Nicht minder eindringlich gestaltete Bassist Martin Hempel aus Basel die Unschlüssigkeit des Pilatus wie auch das lyrische Arioso „Be­trach­te, meine Seel“. Als dritter Solist gestaltete Michael Pommer aus Leipzig Jesus in seinen Worten als in sich ruhenden, seiner Sendung wohl bewussten Mann. Neu war die Altistin Mareike Zorko aus Freiburg, die mit tiefer, warmer Stimme ihre Arien sang, seelenvoll sprach das „Es ist vollbracht“ zum Herzen.

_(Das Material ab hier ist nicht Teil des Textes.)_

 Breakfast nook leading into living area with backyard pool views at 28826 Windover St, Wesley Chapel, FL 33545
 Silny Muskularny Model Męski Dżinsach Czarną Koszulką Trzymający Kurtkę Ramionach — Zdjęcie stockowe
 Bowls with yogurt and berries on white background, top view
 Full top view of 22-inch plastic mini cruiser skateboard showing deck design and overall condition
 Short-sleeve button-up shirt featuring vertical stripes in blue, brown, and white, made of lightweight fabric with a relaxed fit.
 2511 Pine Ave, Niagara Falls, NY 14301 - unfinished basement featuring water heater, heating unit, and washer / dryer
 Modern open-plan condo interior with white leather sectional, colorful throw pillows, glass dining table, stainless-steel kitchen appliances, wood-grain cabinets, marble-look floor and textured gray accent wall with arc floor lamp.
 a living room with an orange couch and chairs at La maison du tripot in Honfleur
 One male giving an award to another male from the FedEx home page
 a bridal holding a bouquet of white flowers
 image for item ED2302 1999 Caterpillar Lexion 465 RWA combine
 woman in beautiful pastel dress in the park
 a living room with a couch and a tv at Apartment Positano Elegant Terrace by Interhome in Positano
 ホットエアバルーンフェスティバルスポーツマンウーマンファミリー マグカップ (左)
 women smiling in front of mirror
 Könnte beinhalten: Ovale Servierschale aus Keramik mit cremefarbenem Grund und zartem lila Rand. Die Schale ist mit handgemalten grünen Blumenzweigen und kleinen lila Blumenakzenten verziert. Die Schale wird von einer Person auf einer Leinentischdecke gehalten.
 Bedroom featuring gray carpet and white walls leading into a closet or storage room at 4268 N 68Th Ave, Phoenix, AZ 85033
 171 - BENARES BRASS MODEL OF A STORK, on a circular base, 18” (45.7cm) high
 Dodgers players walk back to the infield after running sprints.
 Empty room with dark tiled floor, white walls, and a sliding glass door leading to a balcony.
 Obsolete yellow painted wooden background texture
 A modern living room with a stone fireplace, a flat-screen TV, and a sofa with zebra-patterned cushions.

Ersatz für erkrankte Sopranistin

Eine besondere Freude war, dass Wittnebel zwei Tage vor der Aufführung für die Arien der erkrankten Sopranistin die junge Greta Hartleb gewinnen konnte. Noch am Anfang ihres Gesangsstudiums stehend, gestaltete sie ihre zwei Arien wunderbar eindringlich, mit tiefem Empfinden sang sie das „Dein Jesus ist tot“.

Abgang im Stillen

Welch schöner Abschluss, wenn Bach zuletzt im innigen Choral Jesu Tod als Erlösungstat preist. Traditionsgemäß haben die Zuhörer die Kirche nach dem Glockenläuten in Stille verlassen.